[Data extracted from a collection]
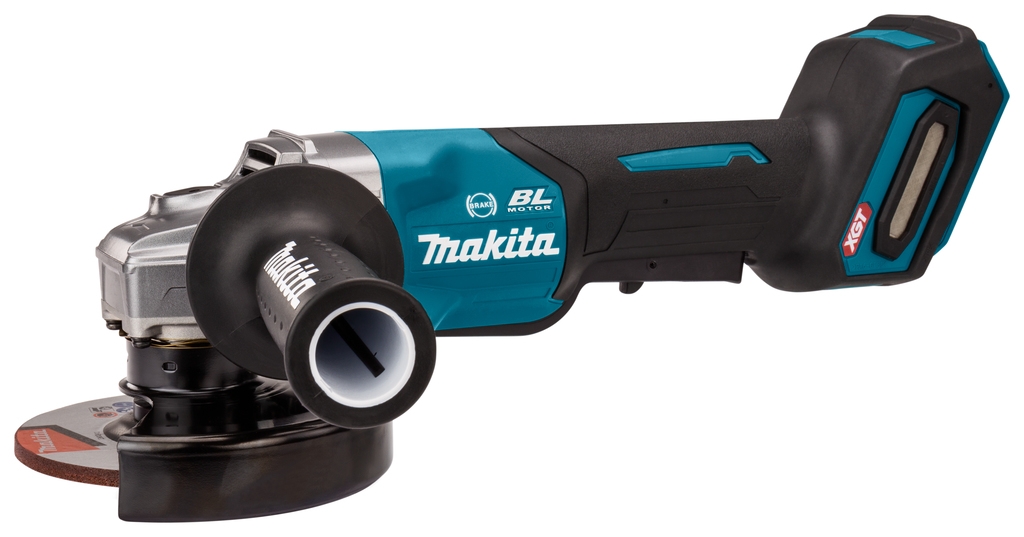 Meuleuse d'angle Makita GA013GZ 125 mm 40 V (batterie et chargeur non inclus)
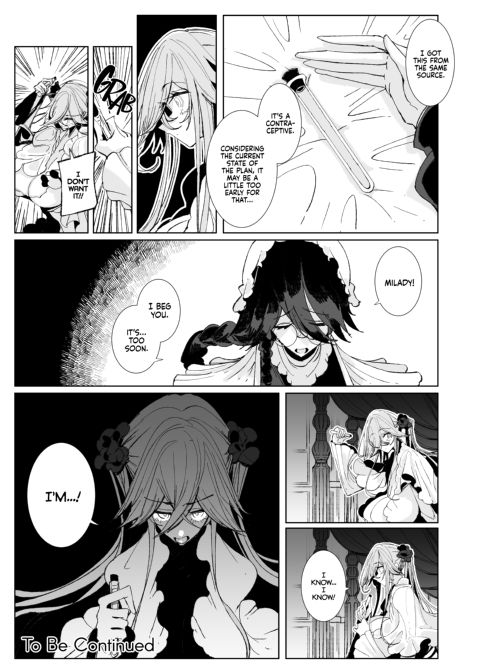 Gentleman's Maid Sophie 10 Chapter 1 page 48
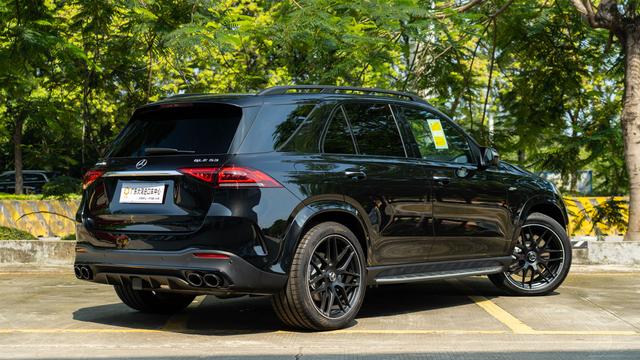 Mercedes-Benz GLE AMG 2023 thumb 5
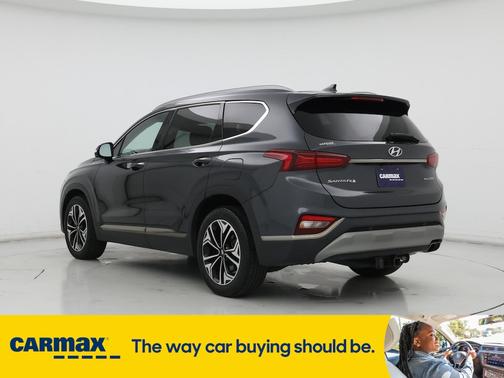 2020 Hyundai SANTA FE Limited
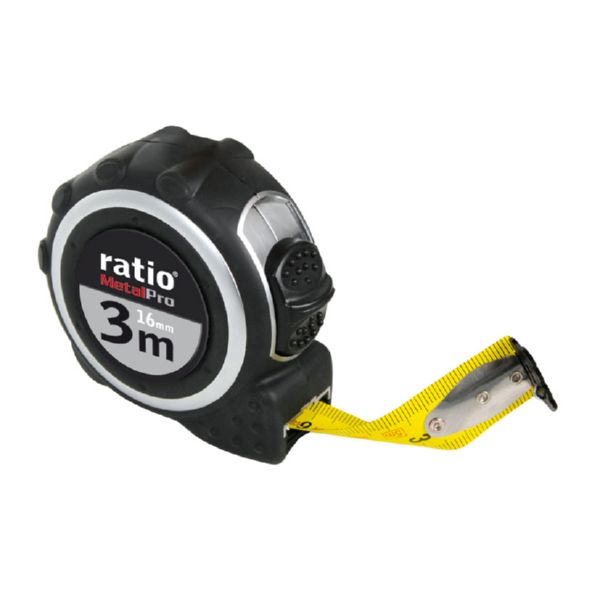 Flex&oacute;metro serie MetalPro.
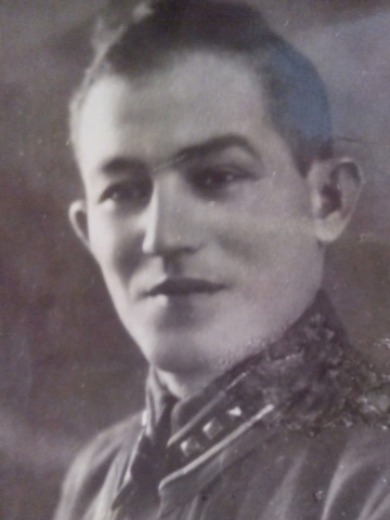 Дауров Харитон Александрович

* What is required *
Every line above should be copied exactly; do not carry over the pictures.

* Written solution *
 Meuleuse d'angle Makita GA013GZ 125 mm 40 V (batterie et chargeur non inclus)
 Gentleman's Maid Sophie 10 Chapter 1 page 48
 Mercedes-Benz GLE AMG 2023 thumb 5
 2020 Hyundai SANTA FE Limited
 Flex&oacute;metro serie MetalPro.
 Дауров Харитон Александрович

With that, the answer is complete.